We believe that these non-GAAP financial measures offer an additional view of the Company's operations that, when coupled with the GAAP results and the reconciliations to corresponding GAAP financial measures, provide a more complete understanding of the Company's results of operations and the factors and trends affecting the Company's business. However, these non-GAAP financial measures should be considered as a supplement to, and not as a substitute for, or superior to, the corresponding measures calculated in accordance with GAAP.
The Company's rationale for using these non-GAAP financial measures, as well as their impact on the presentation of the Company's operations, are outlined below:
Non-GAAP gross margin. Non-GAAP gross margin excludes share-based compensation expense and amortization of intangible assets. The Company believes that exclusion of these costs in presenting non-GAAP gross margin gives management and investors a more effective means of evaluating its historical performance and projected costs and the potential for realizing cost efficiencies. The Company believes that the majority of its purchased intangibles are not relevant to analyzing current operations because they generally represent costs incurred by the acquired company to build value prior to acquisition, and thus are effectively part of transaction costs rather than ongoing costs of operating the Company's business.
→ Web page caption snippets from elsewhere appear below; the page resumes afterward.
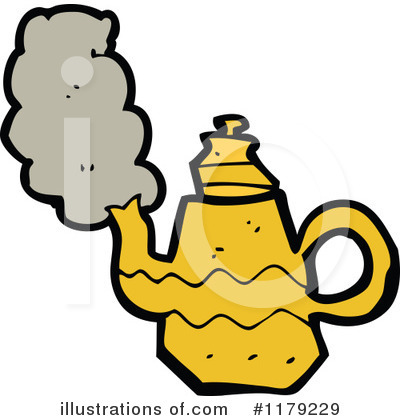 Tea Kettle Illustration By Lineartestpilot Stock Sample Clipart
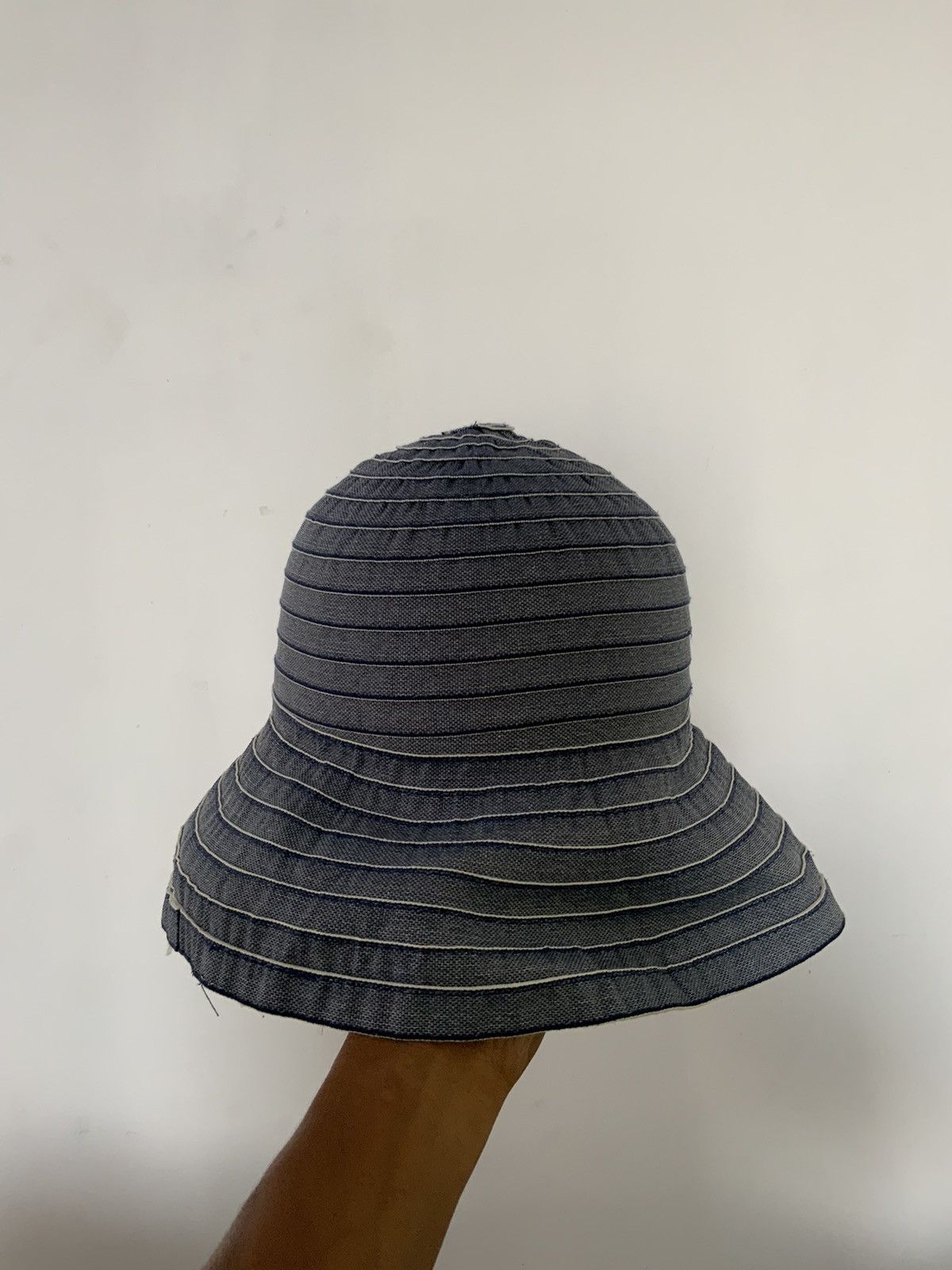 If Six Was Nine Indigo Japan Designer Hat Size ONE SIZE - 4 Thumbnail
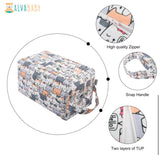ALVABABY Diaper Pod with Double TPU layers - Cats(LP-H286A)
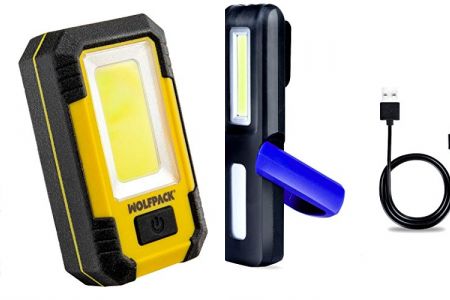 linternas led para mecánicos
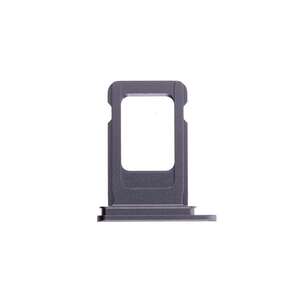 Sim Tray f�r Apple iPhone 11 Karten Halter Fach Schlitten Slot Adapter Holder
In this regard, the Company notes that (i) once the intangibles are fully amortized, the intangibles will not be replaced with cash costs and therefore, the exclusion of these costs provide management and investors with better visibility into the actual costs required to generate revenues over time, and (ii) although the Company sets the amortization expense based on useful life of the various assets at the time of the transaction, the Company cannot influence the timing and amount of the future amortization expense recognition once the lives are established. Similarly, the Company believes that presentation of non-GAAP gross margin and other non-GAAP financial measures that exclude the impact of share-based compensation expense assists management and investors in evaluating the period-over-period performance of the Company's ongoing operations because (i) the expenses are non-cash in nature, and (ii) although the size of the grants is within the Company's control, the amount of expense varies depending on factors such as short-term fluctuations in stock price volatility and prevailing interest rates, which can be unrelated to the operational performance of the Company during the period in which the expense is incurred and generally is outside the control of management. Moreover, the Company believes that the exclusion of share-based compensation expense in presenting non-GAAP gross margin and other non-GAAP financial measures is useful to investors to understand the impact of the expensing of share-based compensation to the Company's gross margins and other financial measures in comparison to both prior periods as well as to its competitors.